カフェでテーブルに着いて、本題に入る前に始まる余談の楽しさ。高い天井と壁には店主好みの絵や写真などが掛けてある。明るい窓際のソファ席に座って、厚手の紙のメニューを開く。厨房からコーヒーの匂いが漂い、そこにパンも焼いているのかイースト菌が焦げる匂いも交じって、「お茶の時間」の幸せ度がいや増してくる。
ところでカフェは「喫茶店」だから、お茶をいただく(喫する)ために設えられた場なので、誘い合って座った人全員に等しくお茶がサービスされる。そうではなくて、お茶、いかが?と誰かが誰かにお茶を差し上げるときは、「その誰か」がお茶を淹れることになる。この「暮らしの中の一杯のお茶」。これもまた、たいせつな日常の一部だと思う。そして時には「お茶が差し出されるまで」は、小説や映画や漫画でも重要なポイントになることもある。極寒のロシアが舞台の小説で、凍えた主人公に紅茶がふるまわれるシーンがあった。主人公が手袋を脱いでかじかんだ手をもみながらテーブルに着く横で、迎えた女性が茶葉をポットに入れ、瓶からつややかなジャムを小皿に盛る。そして、サモワール(外側に水を張り、真ん中に炭が入る仕組みで、水道のような蛇口がついている)から湯が注がれると、豊かな湯気とともに紅茶の香りが広がり、凍てついていた心まで溶かすようだ。
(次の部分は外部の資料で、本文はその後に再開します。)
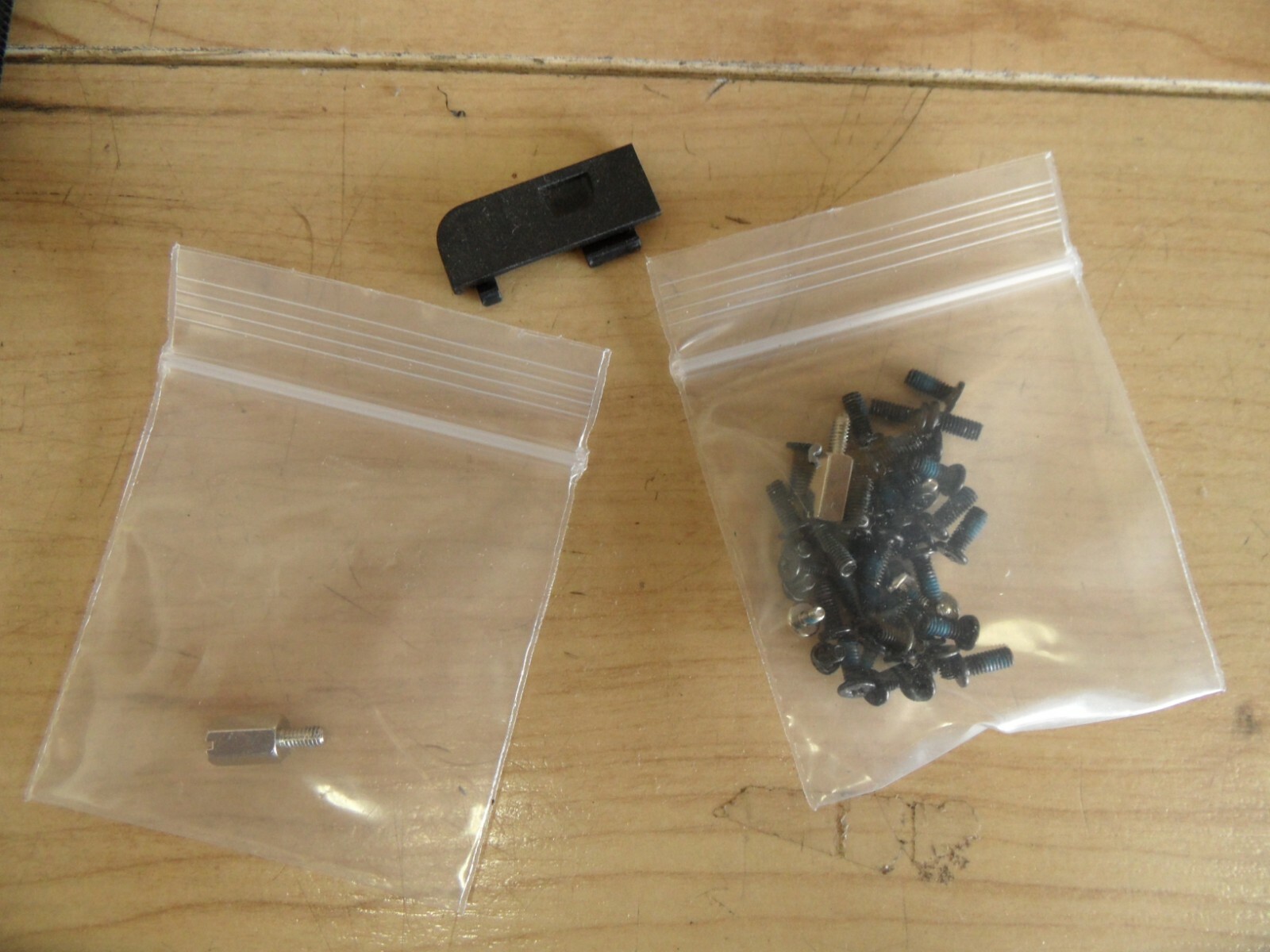 System 76 P151HM1 Parts Laptop Did Not Power On – See Pictures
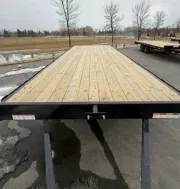 new Equipment / Flatbed Trailers Big Tex Trailers  for sale, in Steinbach, MB Thumbnail 4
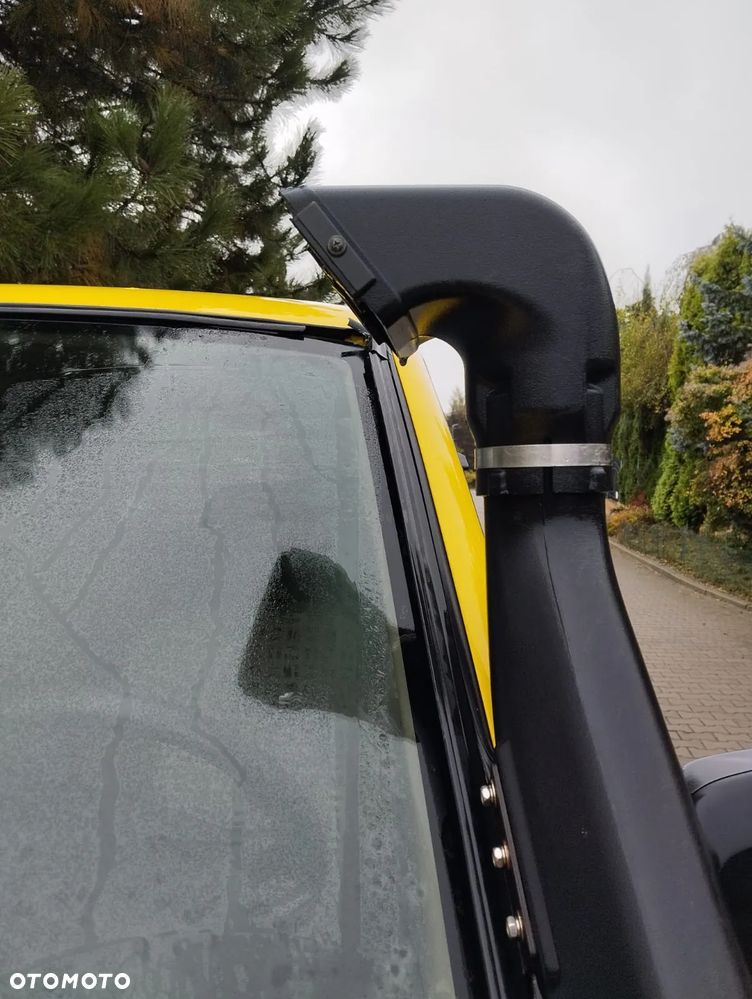 Nissan Terrano II 2.7 TDi Luxury - 33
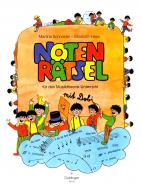 Notenrätsel mit Dobi 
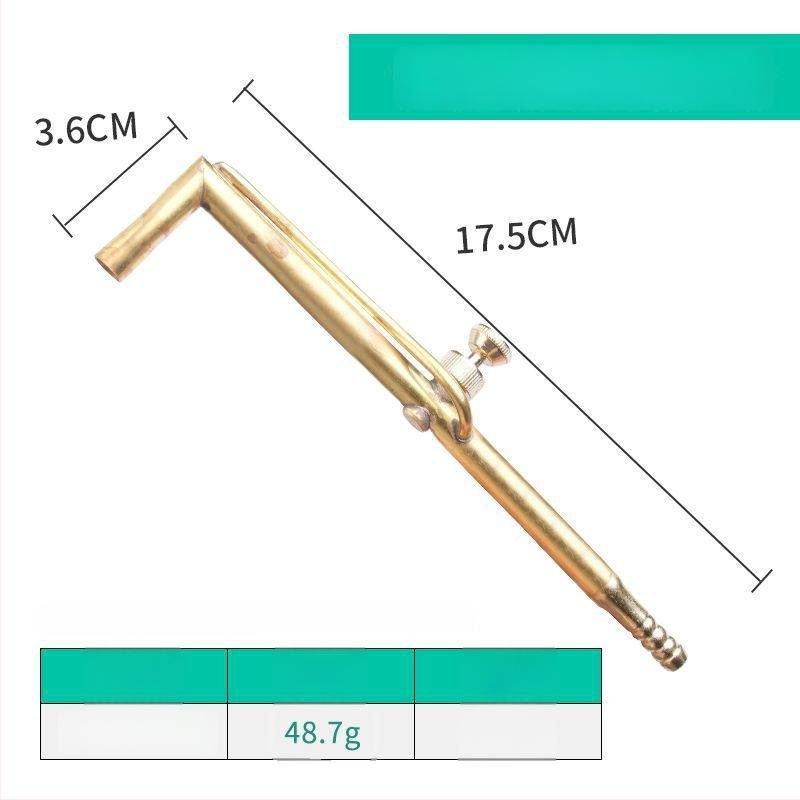 Unikalus varinis juvelyrinis suvirinimo degiklis — aukštos temperatūros liepsna lydyti auksą ir sidabrą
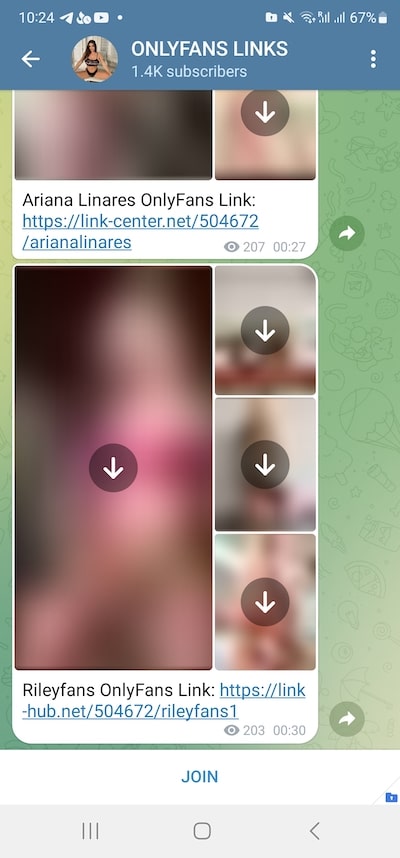 grupos adultos telegram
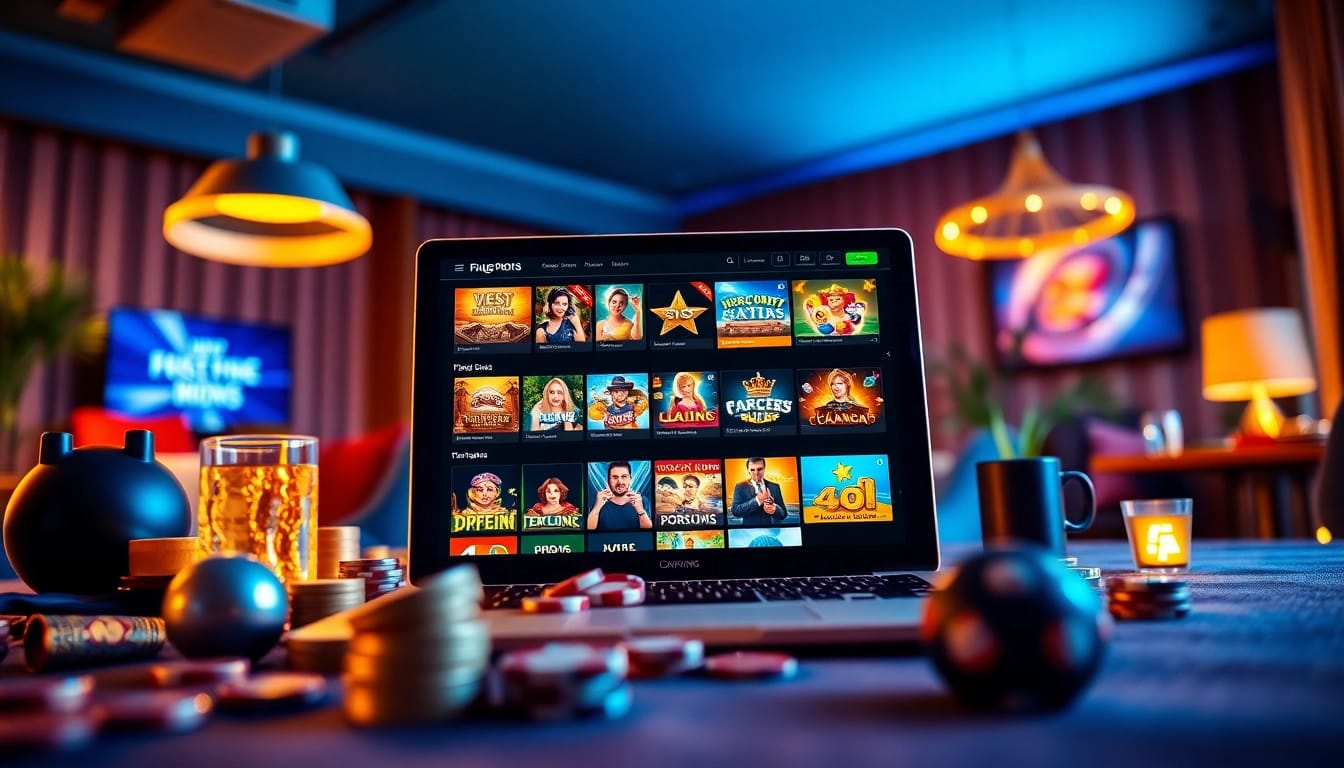 Experience new88's innovative online gambling platform with engaging games and a luxurious atmosphere.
コーヒーでも、日本茶でも、客の前に薫りと共に供されるまでの、「淹れる」仕草もたいせつなお茶の時間。お茶を飲むということの一部なんだと思う。もちろん、そのお茶を味わいながら交わされる会話は、お茶のあるなしで大きく変わるはずだ。
お茶は、人類が創り出した最高の嗜好品、暮らしの必需品だとしみじみ思う。